The long standing asymptomatic nature of DLGG as well as the rarity or extreme discretion of neurological dysfunction is explained by two mechanisms: (i) infiltration of the cerebral parenchyma by isolated tumor cells allowing the persistence of functional tissue within the tumor; (ii) the slow tumor progression enabling the establishment of a cerebral adaptation phenomena of neuroplasticity resulting in a dynamic reorganization of functional networks invaded by glioma (19).

Moreover, not only are these lesions progressively enlarging but they also migrate along the white fibers. Therefore, a DLGG is not a ’tumoral mass’ but a chronic disease progressively infiltrating brain parenchyma, particularly subcortical connections. It is this diffusion that eventually induces neurocognitive disorders, because (at least partly) of a very probable disconnection syndrome (27).

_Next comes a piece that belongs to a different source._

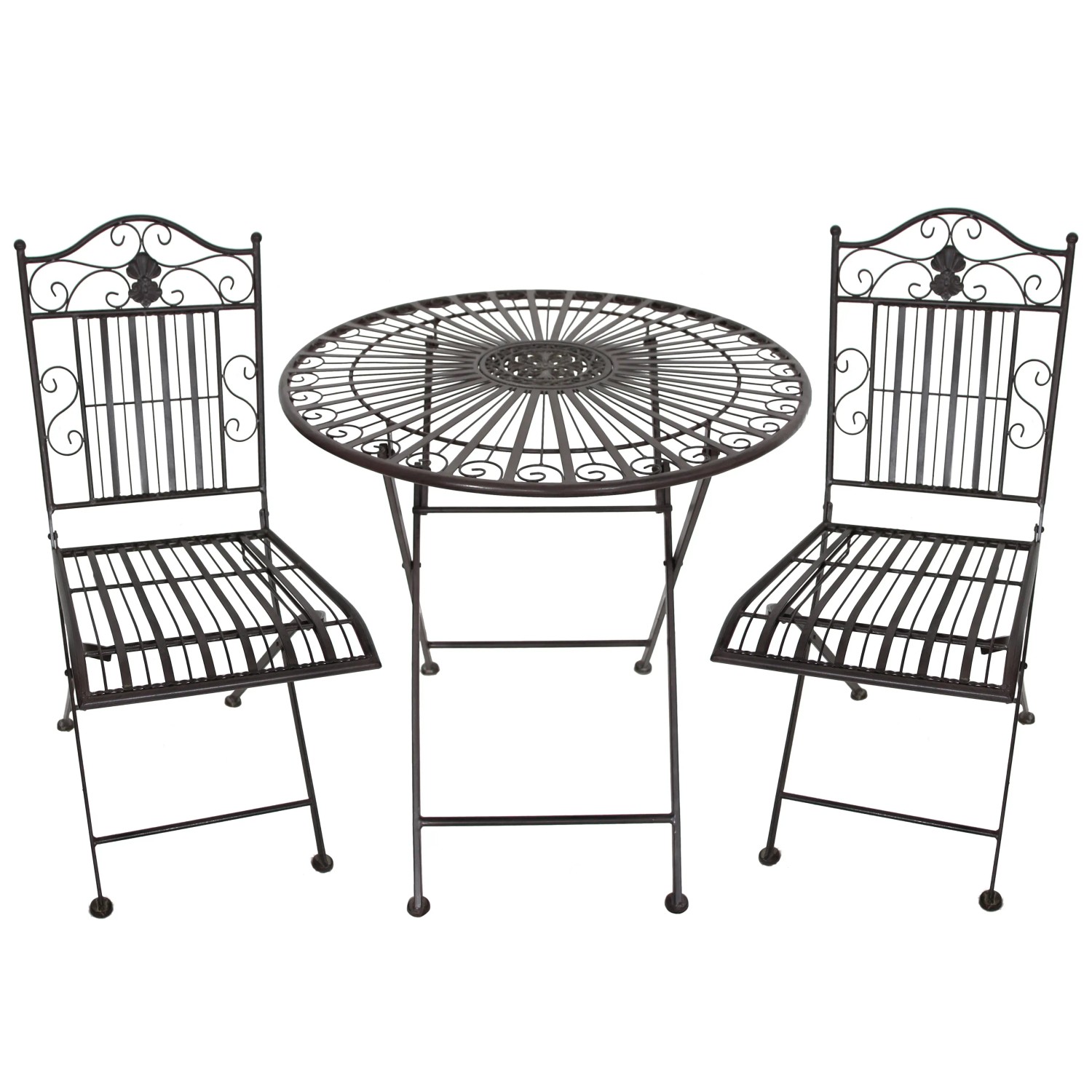 Garden Pleasure Balkon-Set Mangan, schwarz-braun, mit Tisch und zwei Stühlen aus Metall.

Finally, DLGG inexorably evolve towards malignancy. This transformation can be observed clinically and radiologically in a slow or rapid manner, again stressing the biological diversity of DLGG and explaining the possibility of diagnosing them at intermediate stages (ie not fitting perfectly in grades II or III / IV of WHO classification, but for example corresponding to a grade II with foci of anaplasia). The exact mechanisms involved in malignant transformation are currently unknown, preventing predictions of its occurrence at the individual level, even if genetic changes are readily associated (40).

It is worth noting the exceptional degeneration of small volume DLGG (less than 10 cc) (4). Clinically, the functional consequences of such a transformation are significant with onset and / or worsening of seizures, occurrence of neurologic deficits or intracranial hypertension. In addition, is associated radiological acceleration of tumor growth as well as appearance of a contrast enhancement, edema or mass effect and possible necrosis. The affection of the functional outcome results from the involvement of a functional area by three mechanisms which may occur in combination: (i) speed of tumor growth greater than the capacity of brain plasticity; (ii) an increase in the mass effect on the eloquent areas adjacent to the glioma and previously recruited by the phenomenon of neuroplasticity; (iii) destruction of axonal networks infiltrated by the tumor.

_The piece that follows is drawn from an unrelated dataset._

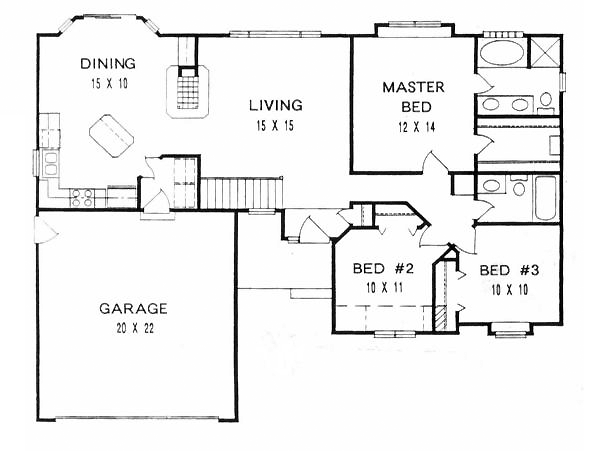 One-Story Traditional Level One of Plan 62539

In all cases this transformation results in the patient’s death, with an overall median survival of less than 8 years for DLGG. Indeed, in a prospective randomized EORTC study involving over 600 patients, in the subgroup of patients with a favorable prognostic score, the median survival was 7.7 years (while it was only 3.2 years in the subgroup of patients with unfavorable prognostic score) (57). More recently, a comparative study between surgical excision and biopsy showed that the median survival was only 5.8 years in the group of patients biopsied (38). These data clearly demonstrate that the spontaneous prognosis of DLGG is relatively poor.